- What to work on: Transcribe exactly the lines that fall between the one holding "Hand-Embroider" and the one holding "706 Thomas Ave. Photo 9", inclusive, from the entries below.
** Opening Excerpted data block **
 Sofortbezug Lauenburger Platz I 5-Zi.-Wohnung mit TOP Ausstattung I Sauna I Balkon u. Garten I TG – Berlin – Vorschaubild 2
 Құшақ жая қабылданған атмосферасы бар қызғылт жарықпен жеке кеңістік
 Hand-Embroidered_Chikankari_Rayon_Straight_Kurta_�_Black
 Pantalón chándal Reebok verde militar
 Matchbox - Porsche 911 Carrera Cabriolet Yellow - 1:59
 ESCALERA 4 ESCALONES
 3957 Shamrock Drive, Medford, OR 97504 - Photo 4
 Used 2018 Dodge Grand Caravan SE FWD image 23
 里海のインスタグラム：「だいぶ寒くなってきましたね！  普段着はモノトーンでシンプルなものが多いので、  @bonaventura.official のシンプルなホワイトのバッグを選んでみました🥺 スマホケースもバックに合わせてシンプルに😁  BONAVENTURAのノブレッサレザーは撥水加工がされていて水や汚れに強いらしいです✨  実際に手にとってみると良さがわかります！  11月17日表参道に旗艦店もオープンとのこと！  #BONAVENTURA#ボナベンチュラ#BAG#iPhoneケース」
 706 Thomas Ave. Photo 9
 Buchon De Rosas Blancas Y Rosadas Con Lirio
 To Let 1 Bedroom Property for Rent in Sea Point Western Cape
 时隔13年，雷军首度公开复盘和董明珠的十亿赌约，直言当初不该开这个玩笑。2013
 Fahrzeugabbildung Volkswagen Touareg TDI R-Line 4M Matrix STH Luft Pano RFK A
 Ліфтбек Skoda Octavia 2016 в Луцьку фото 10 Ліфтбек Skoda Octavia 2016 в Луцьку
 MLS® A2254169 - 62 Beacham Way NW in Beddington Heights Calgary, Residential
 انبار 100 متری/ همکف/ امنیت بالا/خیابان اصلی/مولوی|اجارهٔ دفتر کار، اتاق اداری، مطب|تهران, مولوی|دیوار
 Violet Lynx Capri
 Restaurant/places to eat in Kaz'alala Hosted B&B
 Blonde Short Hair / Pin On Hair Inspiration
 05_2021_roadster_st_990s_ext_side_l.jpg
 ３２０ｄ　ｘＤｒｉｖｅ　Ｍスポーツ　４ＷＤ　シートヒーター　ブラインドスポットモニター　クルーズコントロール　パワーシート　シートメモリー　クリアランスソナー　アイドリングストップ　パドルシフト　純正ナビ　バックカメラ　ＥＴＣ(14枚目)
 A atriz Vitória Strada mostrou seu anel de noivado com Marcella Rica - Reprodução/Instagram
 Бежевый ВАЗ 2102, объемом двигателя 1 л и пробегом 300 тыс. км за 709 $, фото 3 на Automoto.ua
** Closing Excerpted data block **
- Response to the exercise:
 Hand-Embroidered_Chikankari_Rayon_Straight_Kurta_�_Black
 Pantalón chándal Reebok verde militar
 Matchbox - Porsche 911 Carrera Cabriolet Yellow - 1:59
 ESCALERA 4 ESCALONES
 3957 Shamrock Drive, Medford, OR 97504 - Photo 4
 Used 2018 Dodge Grand Caravan SE FWD image 23
 里海のインスタグラム：「だいぶ寒くなってきましたね！  普段着はモノトーンでシンプルなものが多いので、  @bonaventura.official のシンプルなホワイトのバッグを選んでみました🥺 スマホケースもバックに合わせてシンプルに😁  BONAVENTURAのノブレッサレザーは撥水加工がされていて水や汚れに強いらしいです✨  実際に手にとってみると良さがわかります！  11月17日表参道に旗艦店もオープンとのこと！  #BONAVENTURA#ボナベンチュラ#BAG#iPhoneケース」
 706 Thomas Ave. Photo 9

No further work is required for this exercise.